Monday, June 6, 2011


This is a topic near and dear to my heart. As an overweight woman who has been big her entire life - as someone who is making an active and conscious attempt to lose weight, despite the difficulties - I've heard the nasty comments and bad words. I've often worried that my children will someday come into contact with cruelty from other children, especially since (for the time being) we plan to utilize the public school system. And of course, it's a possibility. Children can say some pretty mean things, and sometimes they don't think about the immediate repercussions (like a classmate's reaction, or a friend's feelings) before speaking. Sometimes it's an innocent slip or a thoughtless gaffe; more often than not, anymore, it's conscious meanness meant to demean the feelings, thoughts, abilities, looks, or beliefs of another person.

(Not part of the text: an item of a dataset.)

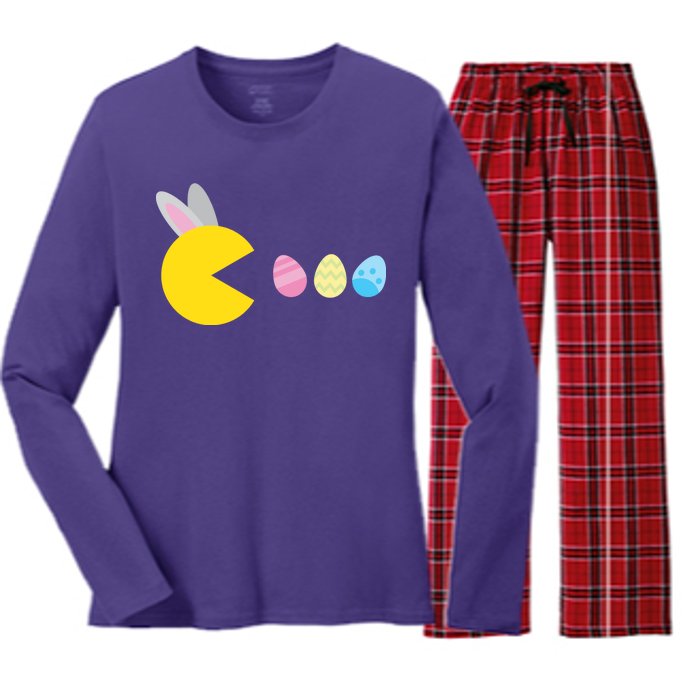 Retro Easter Egg Hunt Game Women's Long Sleeve Flannel Pajama Set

It's easy enough to pass along Biblical proverbs to children whose families adhere to those religions, easy enough to quote religious texts of any kind - but what does a pagan parent say to their kids without trying to give a separate lesson on religion to a young child who may be experiencing bullying (or worse, may be the bully). What am I to do when I can't quote Christ or a disciple easily because my children haven't grown up in that lifestyle, and aren't familiar with the people and characters and stories I know from my experiences?

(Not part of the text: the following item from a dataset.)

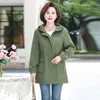 Women's Trench Coats Coat 2024 Spring Autumn Hooded Leisure Ladies Outerwear Middle Aged Mother Elegant Female Windbreaker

I know that first of all, there's common sense. While there are a number of religions that have done their best to claim the Golden Rule, Christianity among them, I believe it's a rule that has been around much longer. From the days of bartering for goods, people have understood that in order to get what's best for them, they have to be willing to sacrifice a bit for others - which means being willing and ready to treat others as they'd like to be treated. A family might give up a cow for less produce than it is worth, with the understanding that because they were kind, next time the produce farmer might give a bit more for a little less milk or meat than usual. It's an understood part of life, in my opinion, but a concept that's hard to explain to a young child who isn't having that same treatment returned to them. It's easy to say, but I know from experience it isn't so easy to DO, especially if physical violence becomes a part of it (at which point I intend to raise my children the same way I was raised: you may NEVER throw the first punch, and you are expected to find alternate routes to end the confrontation, but if you seriously feel you have no other option but to fight back, do so minimally to escape).

So now I'm looking for common sense, kid-friendly ways to explain how to deter bullies. I'm new at this parenting thing still, and I don't expect to encounter this for another few years yet, but I want to have an idea of what to do and how to say it when the time comes. Any pagan parents out there have any recommendations, books, things they've said/done that helped their kids that they want to share?